▸ Directions
Using the entries below, write out the line with "close-up of red", the line with "- Hiroya Minakuchi", and every line in between, exactly as each is written.

▸ Listed records
━━━━━━━━━━━━━━━━━━━━
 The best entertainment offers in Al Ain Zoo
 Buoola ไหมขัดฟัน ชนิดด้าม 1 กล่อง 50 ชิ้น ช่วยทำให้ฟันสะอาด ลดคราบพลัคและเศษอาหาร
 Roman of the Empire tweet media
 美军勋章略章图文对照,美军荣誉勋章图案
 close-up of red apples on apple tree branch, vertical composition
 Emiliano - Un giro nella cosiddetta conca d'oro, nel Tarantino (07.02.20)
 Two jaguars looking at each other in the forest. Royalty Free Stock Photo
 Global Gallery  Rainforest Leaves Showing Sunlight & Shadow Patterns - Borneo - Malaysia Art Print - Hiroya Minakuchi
━━━━━━━━━━━━━━━━━━━━
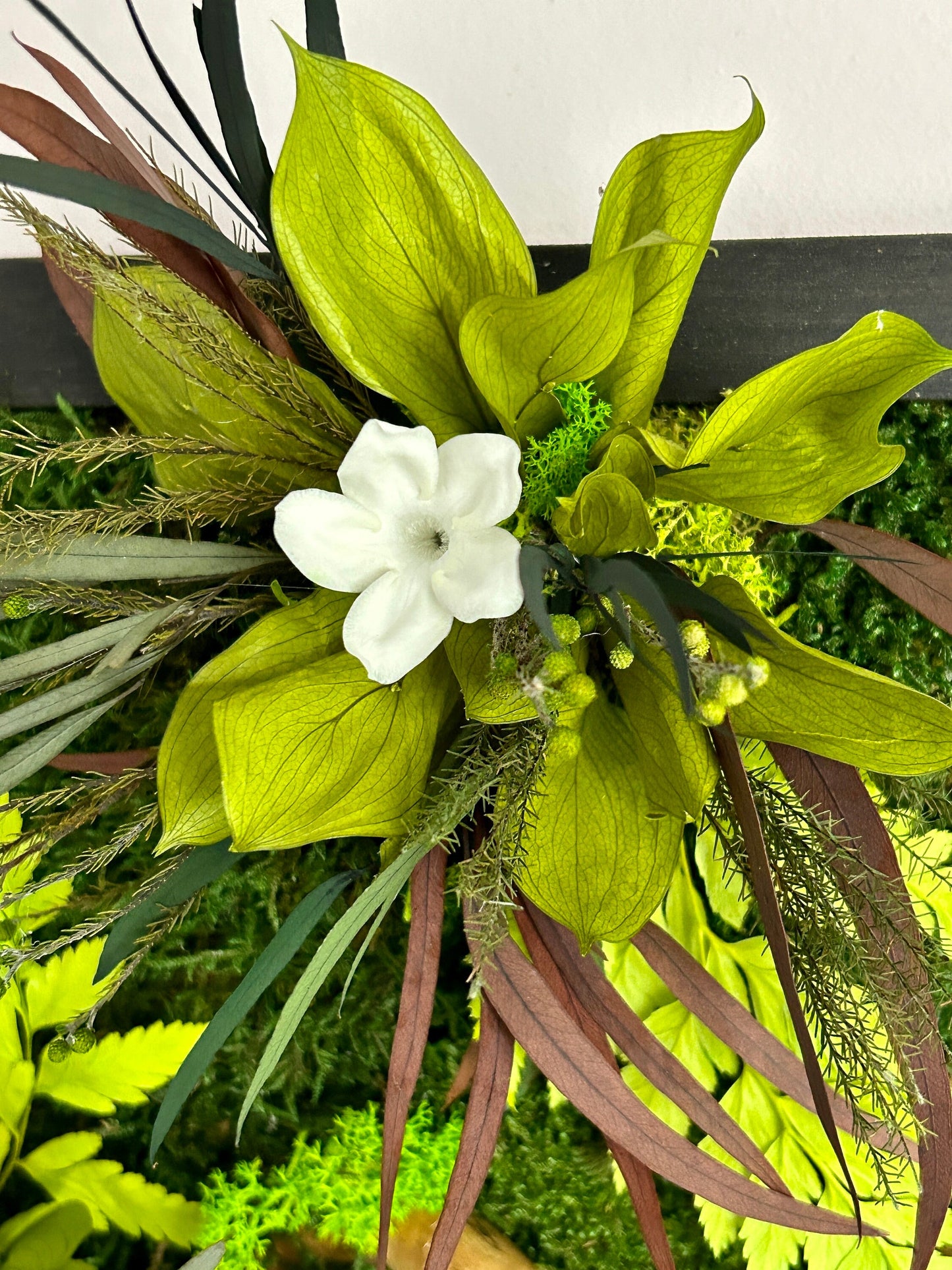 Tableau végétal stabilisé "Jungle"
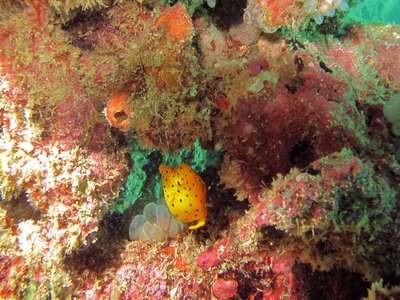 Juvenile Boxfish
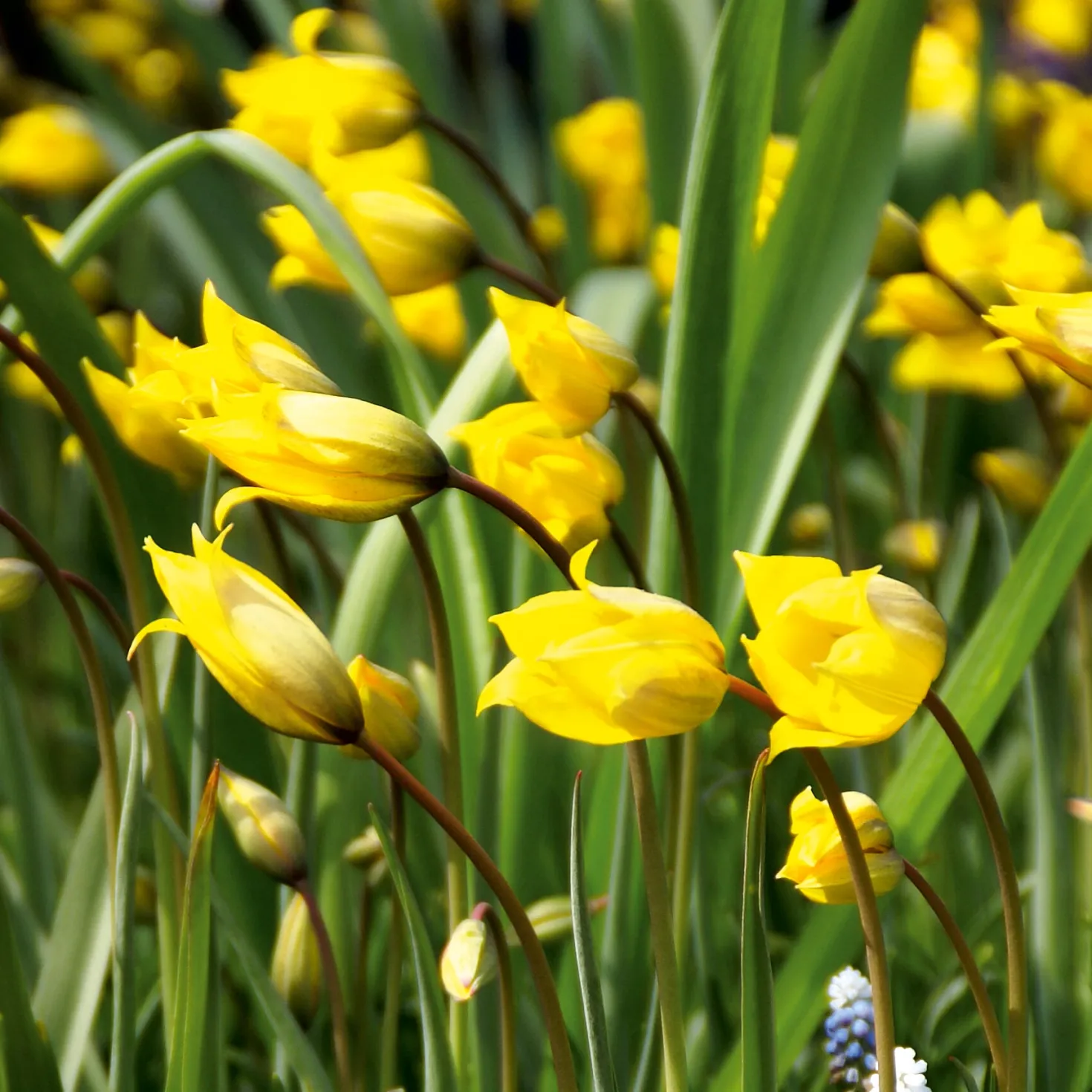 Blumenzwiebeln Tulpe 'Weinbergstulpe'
━━━━━━━━━━━━━━━━━━━━
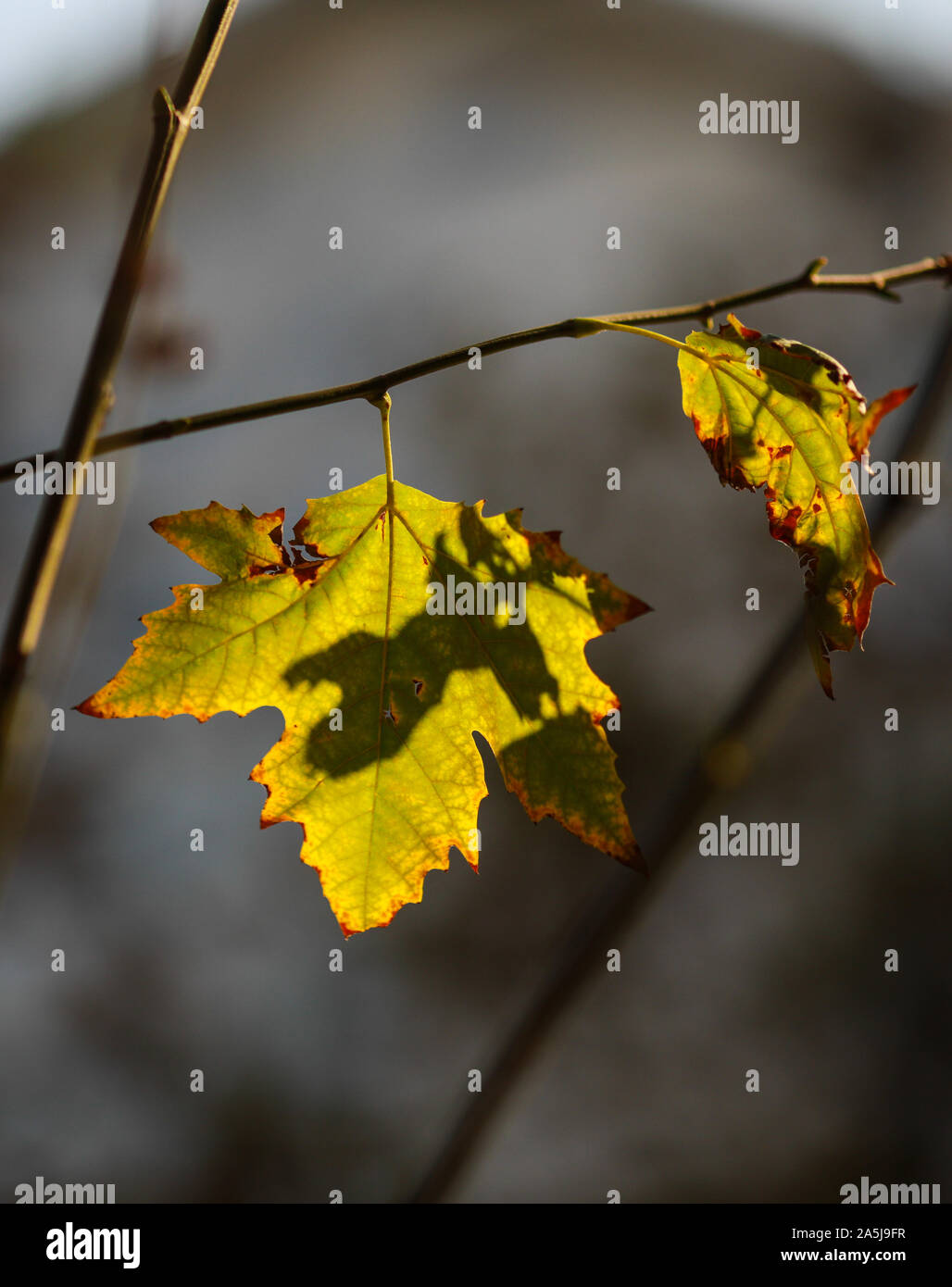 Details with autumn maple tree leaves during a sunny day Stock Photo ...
━━━━━━━━━━━━━━━━━━━━
▸ Task output
 close-up of red apples on apple tree branch, vertical composition
 Emiliano - Un giro nella cosiddetta conca d'oro, nel Tarantino (07.02.20)
 Two jaguars looking at each other in the forest. Royalty Free Stock Photo
 Global Gallery  Rainforest Leaves Showing Sunlight & Shadow Patterns - Borneo - Malaysia Art Print - Hiroya Minakuchi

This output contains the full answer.